Leonora Carrington's Mexico City home will not be open to the public

The house of Leonora Carrington (1917-2011) in Mexico City, renovated in 2021 to become a museum, will ultimately not open to the public. The local university which owns it has announced its decision to make it a research center.

The “house museum” project was officially announced in 2021 after the artist’s residence was sold for $500,000 (€450,000) to the Autonomous Metropolitan University (UAM) by his son Pablo Weisz Carrington. The latter had sold his mother’s house on the condition that it be transformed into a museum.

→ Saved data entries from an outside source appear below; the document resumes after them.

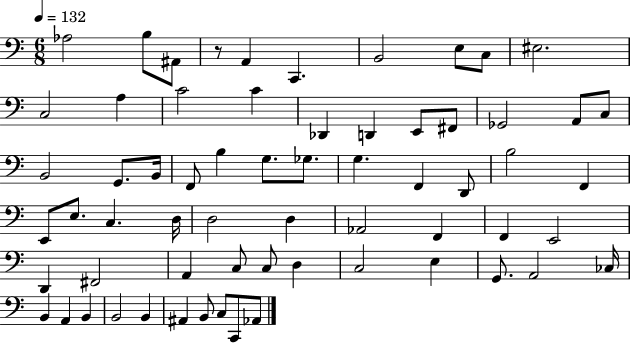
X:1
T:Untitled
M:6/8
L:1/4
K:C
_A,2 B,/2 ^A,,/2 z/2 A,, C,, B,,2 E,/2 C,/2 ^E,2 C,2 A, C2 C _D,, D,, E,,/2 ^F,,/2 _G,,2 A,,/2 C,/2 B,,2 G,,/2 B,,/4 F,,/2 B, G,/2 _G,/2 G, F,, D,,/2 B,2 F,, E,,/2 E,/2 C, D,/4 D,2 D, _A,,2 F,, F,, E,,2 D,, ^F,,2 A,, C,/2 C,/2 D, C,2 E, G,,/2 A,,2 _C,/4 B,, A,, B,, B,,2 B,, ^A,, B,,/2 C,/2 C,,/2 _A,,/2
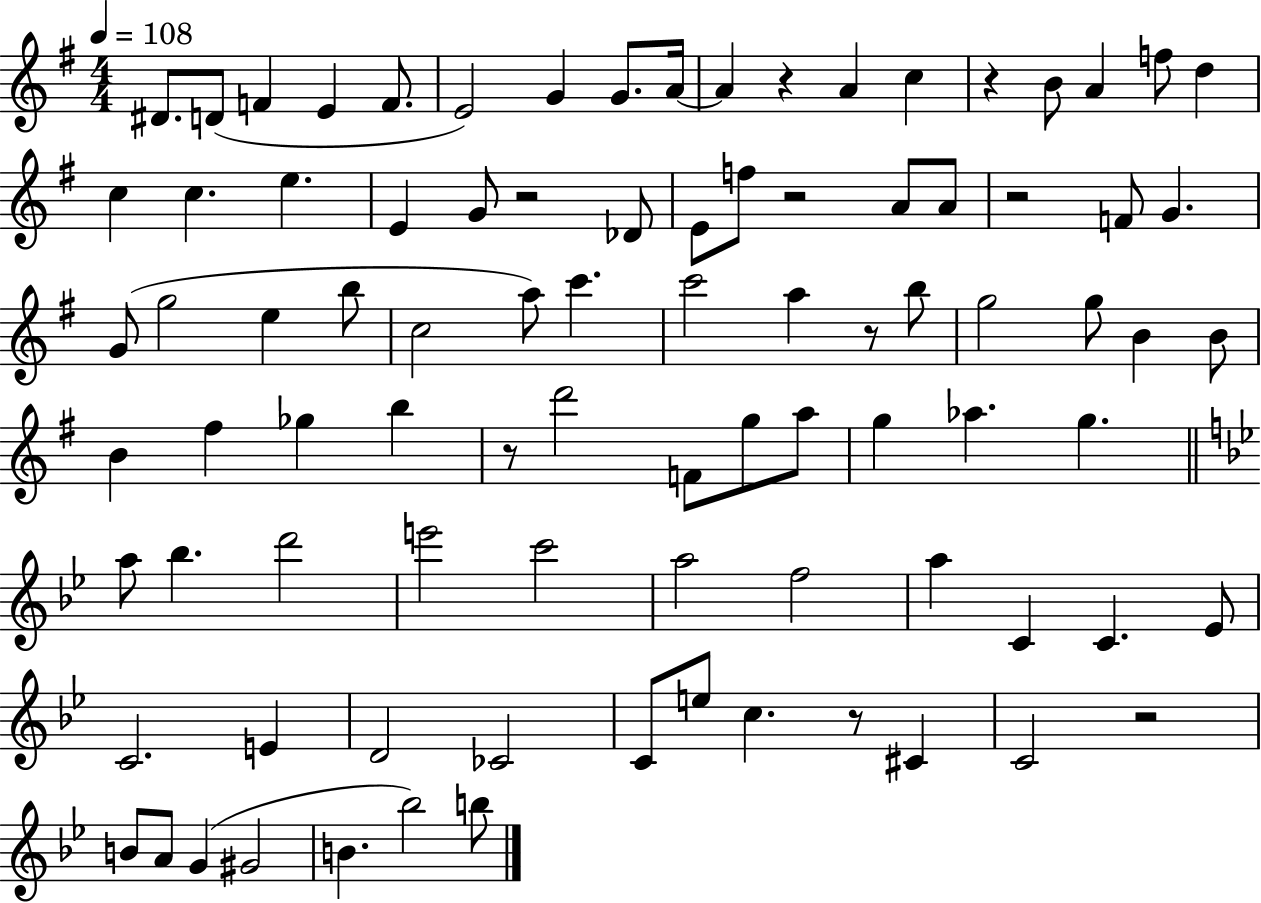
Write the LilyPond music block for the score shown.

{
  \clef treble
  \numericTimeSignature
  \time 4/4
  \key g \major
  \tempo 4 = 108
  dis'8. d'8( f'4 e'4 f'8. | e'2) g'4 g'8. a'16~~ | a'4 r4 a'4 c''4 | r4 b'8 a'4 f''8 d''4 | \break c''4 c''4. e''4. | e'4 g'8 r2 des'8 | e'8 f''8 r2 a'8 a'8 | r2 f'8 g'4. | \break g'8( g''2 e''4 b''8 | c''2 a''8) c'''4. | c'''2 a''4 r8 b''8 | g''2 g''8 b'4 b'8 | \break b'4 fis''4 ges''4 b''4 | r8 d'''2 f'8 g''8 a''8 | g''4 aes''4. g''4. | \bar "||" \break \key bes \major a''8 bes''4. d'''2 | e'''2 c'''2 | a''2 f''2 | a''4 c'4 c'4. ees'8 | \break c'2. e'4 | d'2 ces'2 | c'8 e''8 c''4. r8 cis'4 | c'2 r2 | \break b'8 a'8 g'4( gis'2 | b'4. bes''2) b''8 | \bar "|."
}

He then loaned more than 8,600 works by the artist valued at $3 million (€2.7 million) to the UAM. The university had invested 12 million pesos (€540,000) in the project between the purchase and renovation of the building.

Managing a museum was not in the interest of the university and its research ambitions, reports El Pais. According to UAM officials, the house was acquired to make it “a documentation center because fundamentally the interest of the university is research. » A conflict with the union regarding personnel would also have prevented the museum project from coming to fruition. We can also think that the museum’s economic model was not sustainable as it was.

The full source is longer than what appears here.